TASK TO COMPLETE
Count lines, not occurrences: report how many lines in the records hold the string "Dallas", and nothing else.

Top of MATERIAL SUPPLIED

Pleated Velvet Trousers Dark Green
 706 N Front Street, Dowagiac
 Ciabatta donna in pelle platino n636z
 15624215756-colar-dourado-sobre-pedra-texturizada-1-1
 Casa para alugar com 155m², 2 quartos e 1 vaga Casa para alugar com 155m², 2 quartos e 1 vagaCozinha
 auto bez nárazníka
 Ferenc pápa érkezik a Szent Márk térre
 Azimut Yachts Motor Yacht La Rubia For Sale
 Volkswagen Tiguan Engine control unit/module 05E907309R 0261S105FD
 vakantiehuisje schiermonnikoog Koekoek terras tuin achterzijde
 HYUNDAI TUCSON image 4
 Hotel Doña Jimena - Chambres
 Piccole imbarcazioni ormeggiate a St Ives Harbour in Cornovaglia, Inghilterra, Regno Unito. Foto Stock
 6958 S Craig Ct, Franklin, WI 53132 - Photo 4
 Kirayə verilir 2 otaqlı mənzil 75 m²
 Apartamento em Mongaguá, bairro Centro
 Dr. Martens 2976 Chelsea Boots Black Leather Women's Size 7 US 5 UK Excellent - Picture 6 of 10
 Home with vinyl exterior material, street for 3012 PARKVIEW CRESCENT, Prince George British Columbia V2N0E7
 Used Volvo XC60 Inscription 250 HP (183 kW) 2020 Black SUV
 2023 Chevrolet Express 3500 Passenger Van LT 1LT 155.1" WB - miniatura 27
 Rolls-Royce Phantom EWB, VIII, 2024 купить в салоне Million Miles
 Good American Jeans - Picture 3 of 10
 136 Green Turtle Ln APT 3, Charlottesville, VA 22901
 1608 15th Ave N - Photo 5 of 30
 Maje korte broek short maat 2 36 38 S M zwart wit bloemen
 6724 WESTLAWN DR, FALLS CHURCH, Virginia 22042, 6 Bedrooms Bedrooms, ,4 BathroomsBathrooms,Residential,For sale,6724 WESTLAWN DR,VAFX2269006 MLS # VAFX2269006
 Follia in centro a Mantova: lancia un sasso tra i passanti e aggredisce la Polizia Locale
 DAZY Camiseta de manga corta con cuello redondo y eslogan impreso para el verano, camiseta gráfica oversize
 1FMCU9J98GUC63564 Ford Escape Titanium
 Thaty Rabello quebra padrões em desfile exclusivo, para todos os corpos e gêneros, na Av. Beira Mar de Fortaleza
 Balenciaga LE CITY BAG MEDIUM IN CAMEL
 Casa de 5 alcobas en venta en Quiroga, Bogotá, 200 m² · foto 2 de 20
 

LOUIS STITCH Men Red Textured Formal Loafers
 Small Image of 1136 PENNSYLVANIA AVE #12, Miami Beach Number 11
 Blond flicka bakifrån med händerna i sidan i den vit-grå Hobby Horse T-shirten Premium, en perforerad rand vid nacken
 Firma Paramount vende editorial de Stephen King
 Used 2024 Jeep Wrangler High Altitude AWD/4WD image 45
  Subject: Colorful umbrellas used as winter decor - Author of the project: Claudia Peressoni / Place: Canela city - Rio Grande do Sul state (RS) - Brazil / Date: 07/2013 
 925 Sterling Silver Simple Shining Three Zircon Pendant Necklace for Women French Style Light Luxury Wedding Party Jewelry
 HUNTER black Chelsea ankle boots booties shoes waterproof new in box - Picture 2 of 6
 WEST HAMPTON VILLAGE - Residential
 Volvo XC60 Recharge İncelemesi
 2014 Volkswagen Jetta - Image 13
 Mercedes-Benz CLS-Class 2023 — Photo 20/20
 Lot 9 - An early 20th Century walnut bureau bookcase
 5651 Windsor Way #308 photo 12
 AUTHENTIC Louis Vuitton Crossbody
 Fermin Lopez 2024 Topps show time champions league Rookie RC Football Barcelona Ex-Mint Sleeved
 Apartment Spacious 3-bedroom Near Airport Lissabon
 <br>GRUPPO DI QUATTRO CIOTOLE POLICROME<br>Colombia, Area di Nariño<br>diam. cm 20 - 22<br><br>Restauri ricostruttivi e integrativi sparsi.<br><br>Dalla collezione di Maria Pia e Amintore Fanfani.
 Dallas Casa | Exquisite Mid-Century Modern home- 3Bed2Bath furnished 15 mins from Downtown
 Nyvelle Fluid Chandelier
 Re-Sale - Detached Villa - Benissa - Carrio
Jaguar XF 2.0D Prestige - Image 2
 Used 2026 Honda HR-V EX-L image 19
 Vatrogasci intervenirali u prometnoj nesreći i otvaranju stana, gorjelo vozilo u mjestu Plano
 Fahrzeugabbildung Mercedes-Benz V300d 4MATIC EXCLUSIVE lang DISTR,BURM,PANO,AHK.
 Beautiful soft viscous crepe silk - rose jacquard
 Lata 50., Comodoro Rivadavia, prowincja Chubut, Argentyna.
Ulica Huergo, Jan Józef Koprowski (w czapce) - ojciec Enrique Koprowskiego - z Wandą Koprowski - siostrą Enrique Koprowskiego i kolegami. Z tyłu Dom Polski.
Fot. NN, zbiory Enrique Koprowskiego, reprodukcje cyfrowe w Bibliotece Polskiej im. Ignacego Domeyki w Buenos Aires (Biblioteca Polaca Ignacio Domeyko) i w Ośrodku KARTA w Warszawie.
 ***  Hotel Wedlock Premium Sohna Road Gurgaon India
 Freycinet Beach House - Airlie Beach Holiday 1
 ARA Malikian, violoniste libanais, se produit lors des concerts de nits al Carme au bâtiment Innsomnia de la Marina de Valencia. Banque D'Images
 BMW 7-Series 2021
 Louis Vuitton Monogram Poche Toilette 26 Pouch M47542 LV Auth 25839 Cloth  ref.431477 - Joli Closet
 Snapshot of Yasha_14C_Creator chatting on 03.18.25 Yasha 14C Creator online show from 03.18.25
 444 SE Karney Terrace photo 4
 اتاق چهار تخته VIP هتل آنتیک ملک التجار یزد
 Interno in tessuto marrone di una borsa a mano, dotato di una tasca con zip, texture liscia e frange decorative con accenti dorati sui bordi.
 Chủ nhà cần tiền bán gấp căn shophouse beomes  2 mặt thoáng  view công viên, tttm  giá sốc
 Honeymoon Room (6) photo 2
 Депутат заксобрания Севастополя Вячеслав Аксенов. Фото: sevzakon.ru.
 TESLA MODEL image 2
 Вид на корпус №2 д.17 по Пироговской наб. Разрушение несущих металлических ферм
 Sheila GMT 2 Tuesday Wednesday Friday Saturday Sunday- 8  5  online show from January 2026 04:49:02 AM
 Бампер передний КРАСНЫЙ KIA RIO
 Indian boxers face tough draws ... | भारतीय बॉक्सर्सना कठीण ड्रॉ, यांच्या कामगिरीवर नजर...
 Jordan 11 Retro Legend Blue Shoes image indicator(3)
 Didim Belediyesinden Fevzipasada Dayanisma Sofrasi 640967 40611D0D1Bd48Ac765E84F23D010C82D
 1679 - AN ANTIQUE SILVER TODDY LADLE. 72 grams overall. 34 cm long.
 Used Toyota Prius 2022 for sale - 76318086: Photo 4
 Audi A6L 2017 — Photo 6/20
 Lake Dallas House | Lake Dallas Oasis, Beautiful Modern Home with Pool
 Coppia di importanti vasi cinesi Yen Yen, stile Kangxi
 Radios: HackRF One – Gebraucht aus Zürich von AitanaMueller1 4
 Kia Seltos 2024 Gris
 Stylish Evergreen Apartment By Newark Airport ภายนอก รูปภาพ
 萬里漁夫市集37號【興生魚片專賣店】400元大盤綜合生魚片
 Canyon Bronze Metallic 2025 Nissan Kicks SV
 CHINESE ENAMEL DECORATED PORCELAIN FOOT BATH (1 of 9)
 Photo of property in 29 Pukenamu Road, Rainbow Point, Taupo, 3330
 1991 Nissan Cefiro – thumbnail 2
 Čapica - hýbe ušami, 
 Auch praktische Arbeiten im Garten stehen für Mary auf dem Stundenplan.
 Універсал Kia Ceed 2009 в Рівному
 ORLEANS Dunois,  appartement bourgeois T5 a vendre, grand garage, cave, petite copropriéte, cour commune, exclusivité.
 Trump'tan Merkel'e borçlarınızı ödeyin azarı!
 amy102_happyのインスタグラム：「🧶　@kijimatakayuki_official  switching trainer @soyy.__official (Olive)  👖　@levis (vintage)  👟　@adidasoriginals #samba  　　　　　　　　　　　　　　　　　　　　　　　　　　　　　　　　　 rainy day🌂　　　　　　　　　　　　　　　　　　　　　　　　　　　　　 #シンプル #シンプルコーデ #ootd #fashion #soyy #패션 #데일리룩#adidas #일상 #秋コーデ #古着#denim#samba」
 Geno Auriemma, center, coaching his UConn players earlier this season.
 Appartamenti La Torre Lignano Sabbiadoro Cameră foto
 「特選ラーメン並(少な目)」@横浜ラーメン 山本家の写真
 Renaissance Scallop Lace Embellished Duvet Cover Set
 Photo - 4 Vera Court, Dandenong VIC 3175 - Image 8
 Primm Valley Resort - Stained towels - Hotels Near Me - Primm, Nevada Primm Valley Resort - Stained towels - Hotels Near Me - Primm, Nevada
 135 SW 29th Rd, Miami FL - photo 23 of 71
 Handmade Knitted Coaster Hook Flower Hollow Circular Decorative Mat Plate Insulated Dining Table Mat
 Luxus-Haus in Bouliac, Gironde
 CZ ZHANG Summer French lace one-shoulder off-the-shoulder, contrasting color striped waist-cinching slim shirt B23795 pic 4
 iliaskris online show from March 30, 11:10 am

Bottom of MATERIAL SUPPLIED

TASK OUTPUT
2